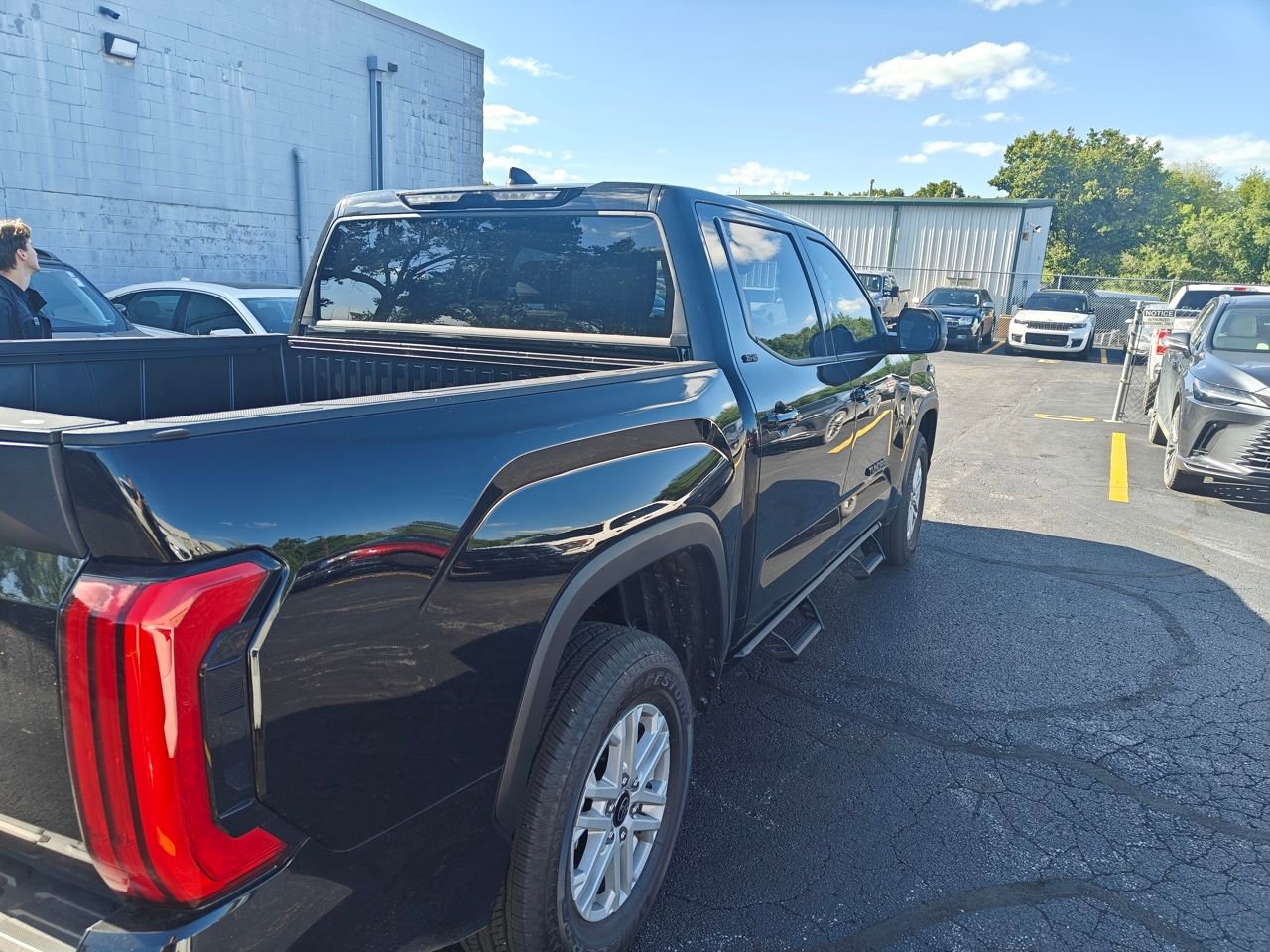 Used 2026 Toyota Tundra SR5 w/ SR5 Premium Package AWD/4WD image 11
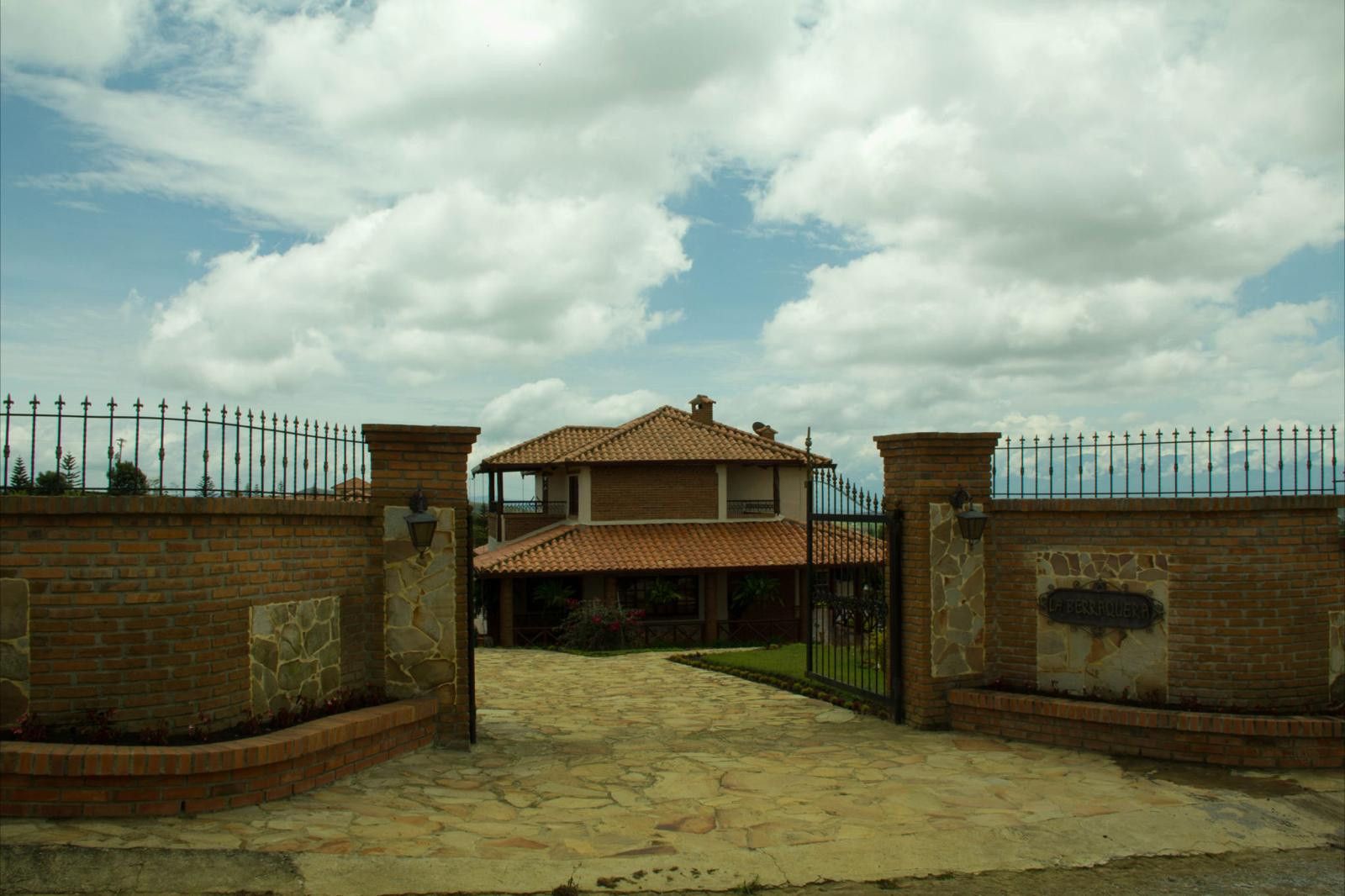 Finca en venta Santander Los Santos Los Santos 210 m2 Habitaciones 4 Baños 4 Garajes 6 Precio $1085000000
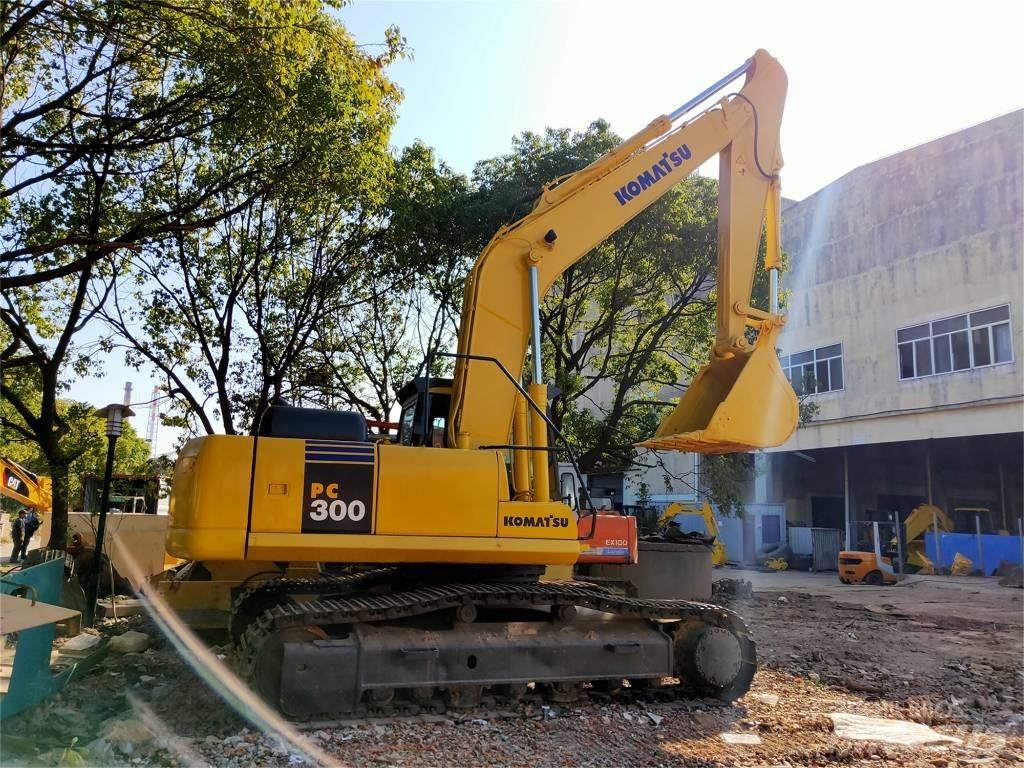 Komatsu PC 300-7 Vikšriniai ekskavatoriai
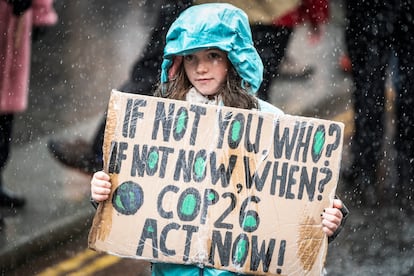 Una niña con una pancarta en una protesta en Glasgow.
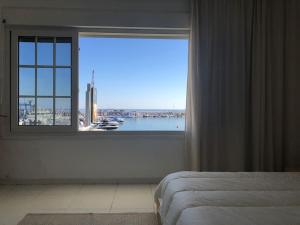 1 dormitorio con ventana y vistas al agua en Apartamento primera línea Puerto Banus con vistas, en Marbella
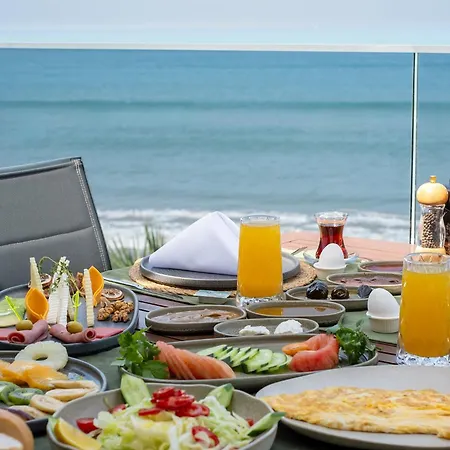 Tropic Beach Club מלון 3*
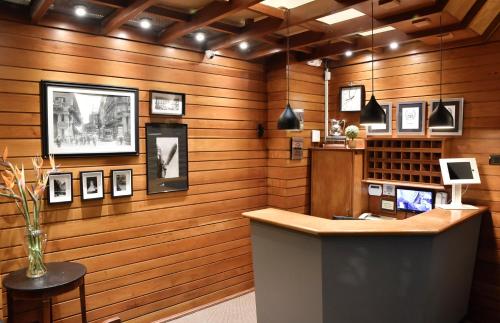 蒙得维的亚帕拉西奥酒店的木墙和画面柜台的房间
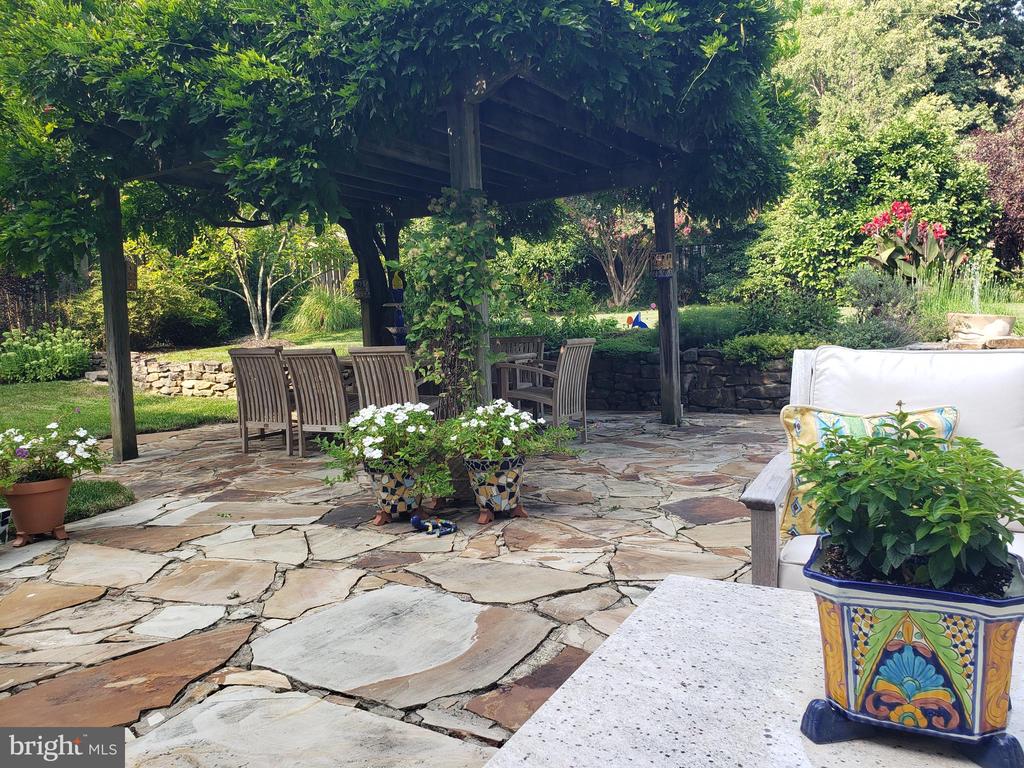 2707 PIONEER LANE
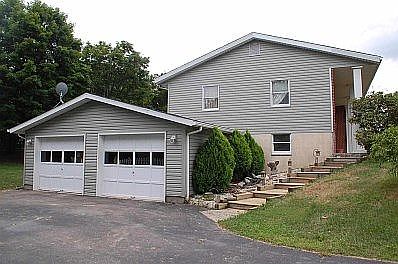 4th image of 20 Kenwood Dr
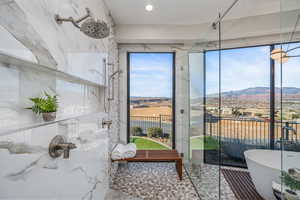 Interior space with a mountain view and independent shower and bath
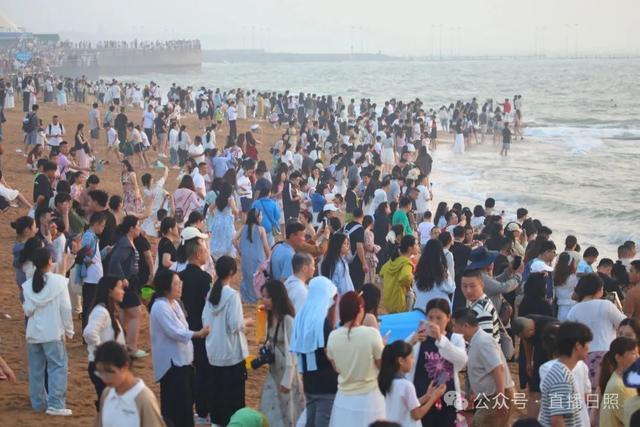 日照的海边人山人海！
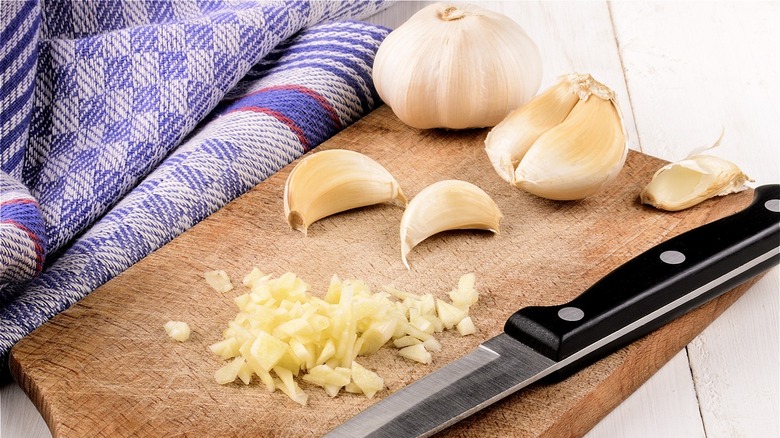 chopped garlic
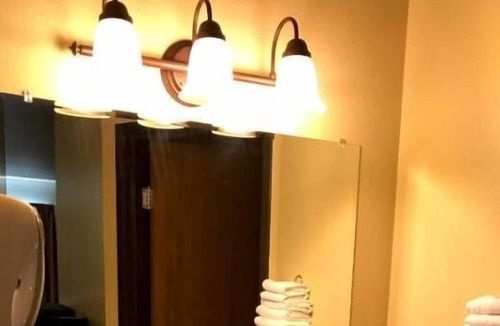 Kellogg House | Budget-Friendly Vacation! Swimming Pool and Hot Tub, Gym, Free Parking!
---
_TASK ITEM_
If an entry contains an image, skip the image and return the rest of the listing unchanged.

_EXPECTED OUTPUT_
 Used 2026 Toyota Tundra SR5 w/ SR5 Premium Package AWD/4WD image 11
 Finca en venta Santander Los Santos Los Santos 210 m2 Habitaciones 4 Baños 4 Garajes 6 Precio $1085000000
 Komatsu PC 300-7 Vikšriniai ekskavatoriai
 Una niña con una pancarta en una protesta en Glasgow.
 1 dormitorio con ventana y vistas al agua en Apartamento primera línea Puerto Banus con vistas, en Marbella
 Tropic Beach Club מלון 3*
 蒙得维的亚帕拉西奥酒店的木墙和画面柜台的房间
 2707 PIONEER LANE
 4th image of 20 Kenwood Dr
 Interior space with a mountain view and independent shower and bath
 日照的海边人山人海！
 chopped garlic
 Kellogg House | Budget-Friendly Vacation! Swimming Pool and Hot Tub, Gym, Free Parking!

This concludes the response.